#### [Task]
The data is to be repeated exactly, with the images removed.

#### [Data block]
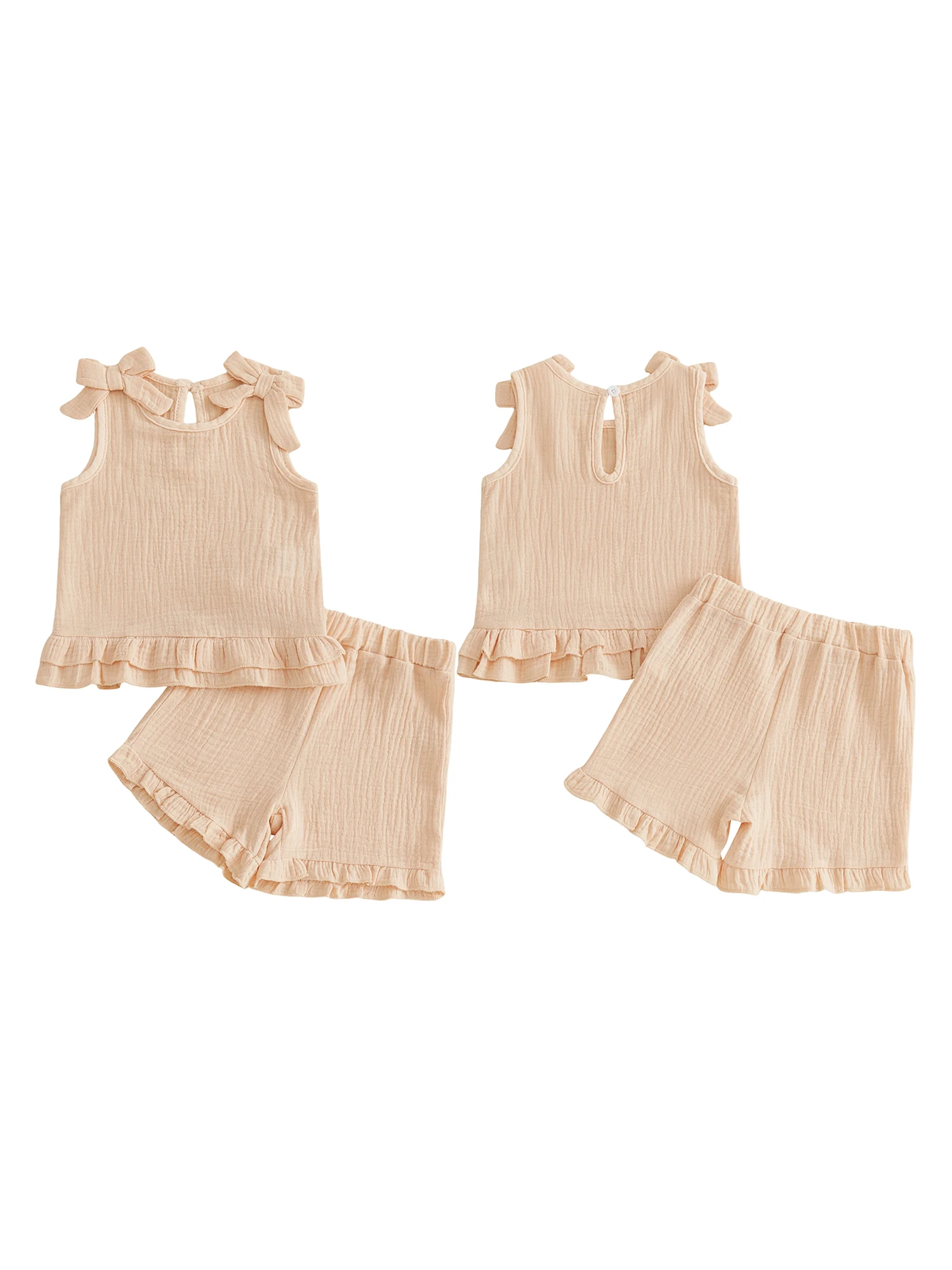 

Girls Floral Print Off-Shoulder Ruffle Top and Matching Shorts Set for Summer Vacation Outfits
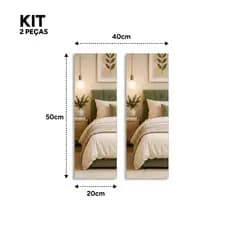 Espelho para Porta de Guarda Roupas Retangular Moderno Kit 2 Peças 50x20cm Decorativo Vidro Legítimo Imagem Nítida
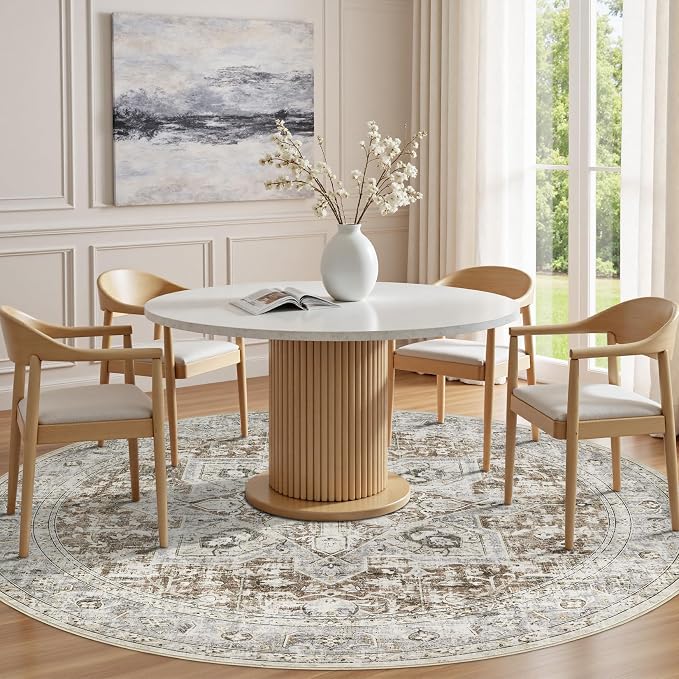 Tortania 8' Round Area Rug Living Room Rugs - Image 3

#### [Exercise answer]
Girls Floral Print Off-Shoulder Ruffle Top and Matching Shorts Set for Summer Vacation Outfits
 Espelho para Porta de Guarda Roupas Retangular Moderno Kit 2 Peças 50x20cm Decorativo Vidro Legítimo Imagem Nítida
 Tortania 8' Round Area Rug Living Room Rugs - Image 3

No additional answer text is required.